Solving Quadratic Equations

A quadratic equation has the form $ax^2 + bx + c = 0$ where $a \neq 0$.

There are three main methods for solving quadratics: factorising, completing the square, and the quadratic formula. WJEC Eduqas papers require you to know all three.

Method 1: Factorising

Works when the quadratic factorises neatly. Best for integer solutions.

Steps:

1. Rearrange to $ax^2 + bx + c = 0$.
2. Find two numbers that multiply to $ac$ and add to $b$.
3. Write as a product of two brackets and solve.
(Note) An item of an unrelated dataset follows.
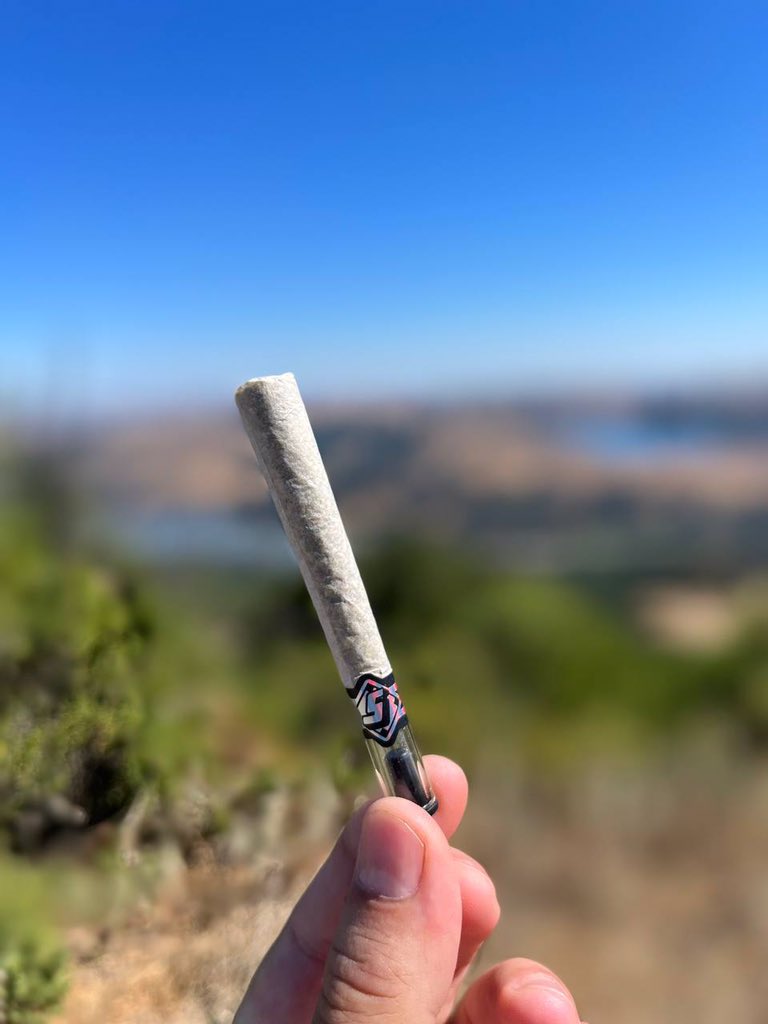 weed plug420 (@ZeddimaA) / Posts / X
Example: Solve $x^2 + 5x + 6 = 0$

Find two numbers multiplying to 6 and adding to 5: these are 2 and 3. $$(x + 2)(x + 3) = 0$$ $$x = -2 \quad \text{or} \quad x = -3$$

Example with a ≠ 1: Solve $2x^2 + 7x + 3 = 0$

$ac = 6$; find numbers multiplying to 6 adding to 7: 1 and 6. $$2x^2 + x + 6x + 3 = 0 \implies x(2x + 1) + 3(2x + 1) = 0$$ $$(x + 3)(2x + 1) = 0$$ $$x = -3 \quad \text{or} \quad x = -\tfrac{1}{2}$$

Method 2: Completing the Square

Used when factorising is not possible or when the question asks for the minimum/maximum of a quadratic function.

For $x^2 + bx + c$: $$x^2 + bx + c = \left(x + \frac{b}{2}\right)^2 - \left(\frac{b}{2}\right)^2 + c$$

Example: Solve $x^2 + 6x + 2 = 0$

Complete the square: $(x + 3)^2 - 9 + 2 = 0$ $$(x + 3)^2 = 7$$ $$x + 3 = \pm\sqrt{7}$$ $$x = -3 \pm \sqrt{7}$$

Answers: $x \approx -0.354$ or $x \approx -5.646$

Method 3: The Quadratic Formula

Use when the question says "give your answer to 2 decimal places" or when factorising fails.

$$x = \frac{-b \pm \sqrt{b^2 - 4ac}}{2a}$$

Example: Solve $3x^2 - 5x - 2 = 0$

$a = 3$, $b = -5$, $c = -2$

$$x = \frac{5 \pm \sqrt{25 + 24}}{6} = \frac{5 \pm \sqrt{49}}{6} = \frac{5 \pm 7}{6}$$ $$x = 2 \quad \text{or} \quad x = -\frac{1}{3}$$

The Discriminant

The expression $b^2 - 4ac$ under the square root is the discriminant, $\Delta$:

$\Delta$	Nature of roots
$\Delta > 0$	Two distinct real roots
$\Delta = 0$	One repeated root
$\Delta < 0$	No real roots

WJEC Exam Tips

• Always rearrange to $ax^2 + bx + c = 0$ before applying any method.
• If the question asks for an exact answer, leave as $x = a \pm \sqrt{b}$.
• If asked to give to 2 d.p., use the formula and a calculator.
• Check solutions by substituting back.